Adherence and acceptance of the 1977 Protocols Additional to the Geneva Conventions continue to increase. Many of the rules in the Additional Protocols have been confirmed as being part of customary international humanitarian law and thus universally applicable to all States and parties to conflicts.
Recent developments show that international humanitarian law is continuing to be extended and refined. The Convention on Cluster Munitions entered into force in August this year. This year the 1980 Convention on Certain Conventional Weapons is celebrating its 30th anniversary. The Nordic countries note the continued efforts in Geneva to comprehensively address the issue of cluster munitions also in the framework of the Convention of Certain Conventional Weapons.
The role and importance of the International Committee of the Red Cross must be emphasised. We express our deep appreciation for the work carried out by the ICRC and for its efforts towards dissemination of international humanitarian law, training given on the subject and protection of persons in relation to armed conflict.
As a means of promoting respect for international humanitarian law, the Nordic countries welcome the initiative by the ICRC to initiate a discussion on areas of concern to improve protection of victims of armed conflict today. Related to this is also the ongoing efforts in the so-called “Copenhagen Process” where the challenges related to the handling of detainees in international military operations are discussed. The Nordic countries further welcome the ICRC’s recently updated database of the study on Customary International Humanitarian Law.
Furthermore, the International Humanitarian Fact-Finding Commission could and should play a role with regard to compliance with international humanitarian law. We urge States to make the declaration provided for under Article 90 of Protocol I, to accept the competence of the Commission to enquire into any facts alleged to be grave breaches of international humanitarian law, and to use the Commission through its good offices. In this regard, we note the Security Council’s decision in resolution 1894 to consider the possibility of making use of the Commission with regard to gathering information on alleged violations of applicable international law relating to the protection of civilians.

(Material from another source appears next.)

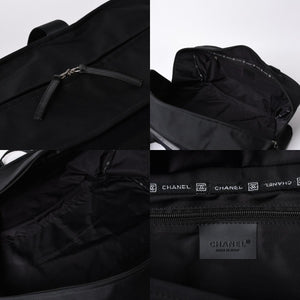 Very Good Condition CHANEL CHANEL Sports Line Boston Bag No. 9 Coco Mark Nylon Canvas Felt Leather Navy Black Used 4a000067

The development of international humanitarian law is also shown in the increasing willingness among States as well as UN bodies to discuss and promote international humanitarian law. The Security Council resolutions on the protection of civilians in armed conflict, on women affected by armed conflict and on children in armed conflict, as well as the resolution on acts of sexual violence against civilians in armed conflict, are welcome reaffirmations of this trend. Our obligation and key challenge is to translate them into concrete action on the ground to the benefit of the civilians these resolutions are intended to protect.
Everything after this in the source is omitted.